We find Reihart's response inadequate to comply with her discovery obligations. The surveillance footage requested by Stokes is plainly relevant to his claims, but it is not clear from Reihart's response whether she is in possession of any of the footage or whether she or her counsel has communicated with the DOC to ensure that the relevant video evidence would be made available to plaintiff. Given this lack of clarity as well as the potential security concerns that could arise from prison surveillance footage being produced to an inmate, we will conditionally grant the motion to compel discovery with respect to this request and order Reihart to file an additional response. Reihart will be required to indicate whether relevant video footage exists, whether she is in possession of the footage, and whether she or her counsel has taken steps to ensure that the DOC will make the footage available to Stokes.
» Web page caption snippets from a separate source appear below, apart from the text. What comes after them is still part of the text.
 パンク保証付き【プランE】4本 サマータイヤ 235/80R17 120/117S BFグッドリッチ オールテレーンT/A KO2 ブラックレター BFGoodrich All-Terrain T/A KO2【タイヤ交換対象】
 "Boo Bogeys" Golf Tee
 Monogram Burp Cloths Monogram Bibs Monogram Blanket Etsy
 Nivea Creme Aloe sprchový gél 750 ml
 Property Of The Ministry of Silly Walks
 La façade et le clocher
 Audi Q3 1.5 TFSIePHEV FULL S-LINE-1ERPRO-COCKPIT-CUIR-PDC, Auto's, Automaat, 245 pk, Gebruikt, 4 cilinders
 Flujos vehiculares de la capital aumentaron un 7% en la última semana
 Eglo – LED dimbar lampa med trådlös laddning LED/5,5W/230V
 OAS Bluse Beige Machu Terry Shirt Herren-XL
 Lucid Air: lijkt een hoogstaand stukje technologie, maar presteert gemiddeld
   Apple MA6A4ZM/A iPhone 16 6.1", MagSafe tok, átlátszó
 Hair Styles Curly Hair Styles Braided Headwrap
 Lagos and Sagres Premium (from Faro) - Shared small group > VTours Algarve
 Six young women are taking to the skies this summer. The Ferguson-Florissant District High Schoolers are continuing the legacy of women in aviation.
Finally, having concluded that Stokes's motion to compel discovery will be granted in part and denied in part, we will deny the pending motions for summary judgment without prejudice. See FED. R. CIV. P. 56(d) (stating that a court may, inter alia, deny a motion for summary judgment and allow additional time for discovery upon a finding that additional discovery is necessary). A revised case management schedule setting a new deadline for the filing of dispositive motions shall be included in the order accompanying this opinion.
IV. Conclusion
We will grant in part and deny in part Stokes's motion to compel discovery, order an additional response from Reihart with respect to Stokes's request for surveillance footage, and deny the pending motions for summary judgment without prejudice. An appropriate order shall issue.